Dor Abrahamson

Contact:

About Me:  A member of faculty at UC Berkeley's Graduate School of Education, I am an Associate Professor of Secondary Mathematics Education in the Area of Cognition and Development. I was born in Haifa, a gorgeous, diverse, and harmonious city straddling the ever-green Mt. Carmel on the Mediterranean littoral. I got an MA in cognitive psychology from Tel Aviv University and a Ph.D. in Learning Sciences at Northwestern University, then was a postdoctoral fellow at the Center for Connected Learning and Computer-Based Modeling. Also, I am a cellist. And a dad :)

Research Interests:  I care about mathematics learning. I am equally passionate about building activities for learning and building theory of learning. Design-based research allows me to do both. I use the practice of designing activities as a context for conducting empirical research, and then findings from the research lead to new insights about the nature of learning, which in turns lead to better design, and so on. In a sense, I investigate processes of learning and teaching through attempting to enhance their potential: I study not "what is" but "what could be." The lab works with technologies ranging from paper and marbles to touchscreen tablets, agent-based simulations, motion capture, eye-tracking sensors, and artificial intelligence. We're trying to scale up our reach, so that any kid with access to a computer can work with our activities.

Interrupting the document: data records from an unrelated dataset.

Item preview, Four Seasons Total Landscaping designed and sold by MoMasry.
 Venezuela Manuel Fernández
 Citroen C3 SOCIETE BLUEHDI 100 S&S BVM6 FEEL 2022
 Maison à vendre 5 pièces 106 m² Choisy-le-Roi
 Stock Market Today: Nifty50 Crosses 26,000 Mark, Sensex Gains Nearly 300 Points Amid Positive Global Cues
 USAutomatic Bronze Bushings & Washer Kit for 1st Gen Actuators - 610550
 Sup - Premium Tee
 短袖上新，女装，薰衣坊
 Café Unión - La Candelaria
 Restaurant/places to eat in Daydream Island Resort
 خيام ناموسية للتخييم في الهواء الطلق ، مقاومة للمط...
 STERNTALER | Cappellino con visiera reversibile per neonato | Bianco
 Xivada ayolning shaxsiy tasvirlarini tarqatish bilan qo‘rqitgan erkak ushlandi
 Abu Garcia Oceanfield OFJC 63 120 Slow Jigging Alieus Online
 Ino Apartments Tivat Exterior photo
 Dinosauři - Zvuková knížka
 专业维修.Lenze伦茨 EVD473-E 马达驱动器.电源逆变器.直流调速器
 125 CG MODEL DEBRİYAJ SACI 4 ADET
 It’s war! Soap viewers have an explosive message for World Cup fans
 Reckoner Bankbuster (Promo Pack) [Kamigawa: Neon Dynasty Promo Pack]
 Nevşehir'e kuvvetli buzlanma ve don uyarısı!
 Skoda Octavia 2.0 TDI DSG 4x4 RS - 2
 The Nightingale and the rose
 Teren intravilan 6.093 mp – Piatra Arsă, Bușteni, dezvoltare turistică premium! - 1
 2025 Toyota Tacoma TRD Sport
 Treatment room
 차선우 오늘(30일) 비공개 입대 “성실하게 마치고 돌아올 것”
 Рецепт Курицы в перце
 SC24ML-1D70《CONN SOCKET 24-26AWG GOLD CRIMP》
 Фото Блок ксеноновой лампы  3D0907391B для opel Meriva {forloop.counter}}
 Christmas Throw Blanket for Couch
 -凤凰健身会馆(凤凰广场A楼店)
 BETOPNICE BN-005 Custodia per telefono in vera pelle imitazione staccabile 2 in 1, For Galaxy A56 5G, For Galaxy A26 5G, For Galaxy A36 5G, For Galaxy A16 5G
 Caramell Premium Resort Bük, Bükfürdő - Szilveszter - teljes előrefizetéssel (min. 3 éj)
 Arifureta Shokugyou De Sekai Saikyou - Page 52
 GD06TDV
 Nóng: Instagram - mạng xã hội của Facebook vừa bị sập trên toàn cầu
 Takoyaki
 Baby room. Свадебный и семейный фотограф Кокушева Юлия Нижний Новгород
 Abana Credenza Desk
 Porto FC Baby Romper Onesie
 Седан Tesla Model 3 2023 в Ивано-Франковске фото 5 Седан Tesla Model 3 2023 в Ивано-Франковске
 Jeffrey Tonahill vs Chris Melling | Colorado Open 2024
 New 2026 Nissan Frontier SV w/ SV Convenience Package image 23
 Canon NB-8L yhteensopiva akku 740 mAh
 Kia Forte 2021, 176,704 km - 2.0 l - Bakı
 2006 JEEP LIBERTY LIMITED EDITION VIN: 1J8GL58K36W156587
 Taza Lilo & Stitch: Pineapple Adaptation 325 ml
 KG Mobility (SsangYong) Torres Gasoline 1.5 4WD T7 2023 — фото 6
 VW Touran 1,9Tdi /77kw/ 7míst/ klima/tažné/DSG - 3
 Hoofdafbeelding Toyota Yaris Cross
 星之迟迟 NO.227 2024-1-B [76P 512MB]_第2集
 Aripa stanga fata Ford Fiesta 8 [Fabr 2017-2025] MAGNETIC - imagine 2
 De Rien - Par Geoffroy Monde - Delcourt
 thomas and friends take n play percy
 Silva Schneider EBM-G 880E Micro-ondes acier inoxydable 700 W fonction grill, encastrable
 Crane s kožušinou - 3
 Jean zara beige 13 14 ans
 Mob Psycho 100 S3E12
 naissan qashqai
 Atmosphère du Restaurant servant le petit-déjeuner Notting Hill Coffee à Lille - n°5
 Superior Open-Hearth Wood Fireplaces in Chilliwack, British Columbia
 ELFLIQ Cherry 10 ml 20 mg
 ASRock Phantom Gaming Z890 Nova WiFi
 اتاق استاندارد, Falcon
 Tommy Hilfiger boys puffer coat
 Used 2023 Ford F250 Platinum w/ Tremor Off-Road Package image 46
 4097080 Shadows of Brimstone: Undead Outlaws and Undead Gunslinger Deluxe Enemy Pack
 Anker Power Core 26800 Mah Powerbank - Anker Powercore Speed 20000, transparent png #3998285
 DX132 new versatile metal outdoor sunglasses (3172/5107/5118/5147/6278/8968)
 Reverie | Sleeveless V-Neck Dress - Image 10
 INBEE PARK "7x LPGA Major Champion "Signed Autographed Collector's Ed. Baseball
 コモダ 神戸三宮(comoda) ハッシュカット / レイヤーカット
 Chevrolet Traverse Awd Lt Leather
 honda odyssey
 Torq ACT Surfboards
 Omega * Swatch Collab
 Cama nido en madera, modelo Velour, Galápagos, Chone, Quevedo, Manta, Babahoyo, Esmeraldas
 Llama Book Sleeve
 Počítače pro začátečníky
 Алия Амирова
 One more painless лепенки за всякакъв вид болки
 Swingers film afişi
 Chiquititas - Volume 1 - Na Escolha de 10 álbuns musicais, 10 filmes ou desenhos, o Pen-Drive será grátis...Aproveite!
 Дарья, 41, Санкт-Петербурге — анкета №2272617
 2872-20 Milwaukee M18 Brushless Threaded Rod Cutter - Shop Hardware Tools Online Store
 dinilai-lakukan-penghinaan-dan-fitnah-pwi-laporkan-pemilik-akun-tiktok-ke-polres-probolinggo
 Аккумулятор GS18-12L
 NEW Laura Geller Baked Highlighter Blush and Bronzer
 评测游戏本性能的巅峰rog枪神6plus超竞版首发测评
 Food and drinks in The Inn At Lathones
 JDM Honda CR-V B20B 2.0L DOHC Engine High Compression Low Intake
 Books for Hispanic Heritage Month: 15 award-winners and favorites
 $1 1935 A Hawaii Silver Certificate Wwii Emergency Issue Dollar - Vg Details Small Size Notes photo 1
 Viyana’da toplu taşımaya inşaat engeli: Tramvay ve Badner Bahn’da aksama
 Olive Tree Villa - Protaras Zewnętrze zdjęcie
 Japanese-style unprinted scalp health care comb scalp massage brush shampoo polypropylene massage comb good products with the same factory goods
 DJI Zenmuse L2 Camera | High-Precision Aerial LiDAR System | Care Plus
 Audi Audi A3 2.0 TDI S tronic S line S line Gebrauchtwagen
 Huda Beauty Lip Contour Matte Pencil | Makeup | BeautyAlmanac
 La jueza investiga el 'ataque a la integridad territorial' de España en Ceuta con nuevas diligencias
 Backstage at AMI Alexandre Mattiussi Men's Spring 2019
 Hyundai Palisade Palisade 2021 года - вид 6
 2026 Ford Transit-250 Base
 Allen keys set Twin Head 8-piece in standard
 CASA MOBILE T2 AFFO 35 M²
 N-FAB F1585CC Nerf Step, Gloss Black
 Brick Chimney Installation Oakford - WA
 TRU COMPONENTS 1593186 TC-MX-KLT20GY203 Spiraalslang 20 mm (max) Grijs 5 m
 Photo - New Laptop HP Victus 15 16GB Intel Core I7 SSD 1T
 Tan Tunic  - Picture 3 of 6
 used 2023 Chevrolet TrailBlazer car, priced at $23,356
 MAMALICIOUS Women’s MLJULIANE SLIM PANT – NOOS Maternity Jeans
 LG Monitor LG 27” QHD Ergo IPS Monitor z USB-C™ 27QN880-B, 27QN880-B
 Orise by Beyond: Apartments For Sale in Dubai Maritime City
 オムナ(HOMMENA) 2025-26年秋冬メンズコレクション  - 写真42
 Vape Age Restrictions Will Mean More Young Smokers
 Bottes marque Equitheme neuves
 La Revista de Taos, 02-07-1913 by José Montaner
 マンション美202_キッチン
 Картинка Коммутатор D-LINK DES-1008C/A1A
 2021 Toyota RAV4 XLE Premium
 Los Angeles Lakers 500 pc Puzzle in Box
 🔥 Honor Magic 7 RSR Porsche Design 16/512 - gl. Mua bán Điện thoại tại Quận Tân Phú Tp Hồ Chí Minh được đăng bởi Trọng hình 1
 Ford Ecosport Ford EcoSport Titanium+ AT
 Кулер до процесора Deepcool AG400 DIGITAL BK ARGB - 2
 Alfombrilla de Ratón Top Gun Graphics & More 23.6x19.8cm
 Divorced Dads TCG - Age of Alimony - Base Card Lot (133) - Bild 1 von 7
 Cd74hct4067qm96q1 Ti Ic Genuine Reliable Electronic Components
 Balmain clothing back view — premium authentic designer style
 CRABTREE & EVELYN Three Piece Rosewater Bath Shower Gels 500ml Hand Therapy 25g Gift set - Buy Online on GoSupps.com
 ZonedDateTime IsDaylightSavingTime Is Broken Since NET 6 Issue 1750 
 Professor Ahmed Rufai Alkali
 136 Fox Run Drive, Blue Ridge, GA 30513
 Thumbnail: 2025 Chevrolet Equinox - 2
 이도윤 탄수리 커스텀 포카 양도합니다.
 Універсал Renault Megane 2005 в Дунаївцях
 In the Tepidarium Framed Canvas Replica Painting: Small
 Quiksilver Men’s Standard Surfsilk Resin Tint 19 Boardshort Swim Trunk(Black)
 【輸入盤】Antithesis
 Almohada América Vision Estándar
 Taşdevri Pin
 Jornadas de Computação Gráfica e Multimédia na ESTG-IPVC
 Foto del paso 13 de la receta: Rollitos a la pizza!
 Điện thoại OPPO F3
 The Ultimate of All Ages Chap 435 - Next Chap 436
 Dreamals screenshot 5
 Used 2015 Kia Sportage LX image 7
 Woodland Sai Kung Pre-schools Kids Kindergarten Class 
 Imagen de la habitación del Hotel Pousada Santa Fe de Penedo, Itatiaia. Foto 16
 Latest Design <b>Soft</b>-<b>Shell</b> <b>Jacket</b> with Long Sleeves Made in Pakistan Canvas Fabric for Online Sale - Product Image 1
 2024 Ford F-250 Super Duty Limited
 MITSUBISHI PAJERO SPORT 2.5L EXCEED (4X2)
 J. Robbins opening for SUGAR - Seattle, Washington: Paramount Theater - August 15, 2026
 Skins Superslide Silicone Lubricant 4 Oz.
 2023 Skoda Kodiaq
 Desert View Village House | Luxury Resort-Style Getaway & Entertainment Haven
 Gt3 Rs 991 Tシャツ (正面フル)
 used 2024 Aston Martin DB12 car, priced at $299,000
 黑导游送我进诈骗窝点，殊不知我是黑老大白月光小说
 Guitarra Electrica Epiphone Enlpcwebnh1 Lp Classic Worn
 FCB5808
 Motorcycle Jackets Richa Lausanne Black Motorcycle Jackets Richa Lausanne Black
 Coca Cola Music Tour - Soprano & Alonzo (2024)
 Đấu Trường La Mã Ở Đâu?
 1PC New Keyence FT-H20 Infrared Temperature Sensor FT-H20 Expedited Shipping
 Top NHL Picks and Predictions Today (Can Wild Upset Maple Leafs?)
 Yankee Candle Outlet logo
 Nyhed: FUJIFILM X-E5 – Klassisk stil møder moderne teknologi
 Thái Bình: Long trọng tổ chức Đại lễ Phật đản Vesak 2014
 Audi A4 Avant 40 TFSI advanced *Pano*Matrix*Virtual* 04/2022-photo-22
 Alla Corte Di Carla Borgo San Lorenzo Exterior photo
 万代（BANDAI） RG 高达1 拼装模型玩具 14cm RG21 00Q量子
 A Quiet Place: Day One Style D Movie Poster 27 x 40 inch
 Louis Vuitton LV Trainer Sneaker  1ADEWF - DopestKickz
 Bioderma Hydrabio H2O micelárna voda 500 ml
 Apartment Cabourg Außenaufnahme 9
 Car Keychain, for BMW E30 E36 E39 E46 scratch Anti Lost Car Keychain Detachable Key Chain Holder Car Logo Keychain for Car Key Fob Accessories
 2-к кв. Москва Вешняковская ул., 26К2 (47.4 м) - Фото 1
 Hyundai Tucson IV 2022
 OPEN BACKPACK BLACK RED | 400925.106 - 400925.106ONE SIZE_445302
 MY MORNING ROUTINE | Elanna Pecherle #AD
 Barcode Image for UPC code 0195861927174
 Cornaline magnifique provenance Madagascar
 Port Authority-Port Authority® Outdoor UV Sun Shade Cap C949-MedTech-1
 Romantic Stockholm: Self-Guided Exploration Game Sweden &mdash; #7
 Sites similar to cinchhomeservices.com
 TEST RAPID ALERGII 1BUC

I publish about theory of learning and about methods for creating activities for learning. My focus has been on creating and modeling situations in which learners coordinate between informal and formal views of phenomena, because that is how I think about concpetual learning. I want to empower students to "get it right," and so I build situations where they can use their naive sensory perceptions, intuitive judgments, and physical coordination to interact productively with a set of materials, but then I introduce mathematical perspectives as complementary ways to "get it right." I study the micro-moments as students figure out what the mathematical views enable them, whether they should adopt these alternative ways of engaging the world. I am curious how teachers facilitate these fragile processes through speech and gesture, cues, clues, and metaphors. I use constructivism, social cultural theory, and ecological dynamics so as to make sense of these reconciliations.

 
 
  The Abduction of Peirce: The missing link between perceptual judgment and mathematical reasoning?
(Berkeley neuro-philosophy, 2008)
Body of Knowledge: Grounding Mathematical Concepts in
Embodied Interaction
(Learning & the Brain, 2015)
Cultivating Mathematical Concepts: Insights From Ecological Dynamics (Utrecht symposium on
embodied design, 2015)
The Eye Trick: grounding proportion in perceptual judgment Project Proportion: learning proportion with the multiplication table ProbLab: a suite of simulated probability experiments Seeing Chance: concrete and virtual probability experiments Kinemathics: fostering the sentorimotor roots of proportion GEVAMT: building a virtual animated mathematics tutor

I've researched a range of mathematical concepts. For my doctoral dissertation, I used the multiplication table as a source for learning about proportion. During my post-doc, I worked in a computational modeling environment to build ProbLab, a suite of interactive simulations for probability. At Berkeley, the Seeing Chance project further investigated whether students could coordinate informal and formal visualizations of randomness. Then Kinemathics investigated the sensorimotor roots of proportional reasoning.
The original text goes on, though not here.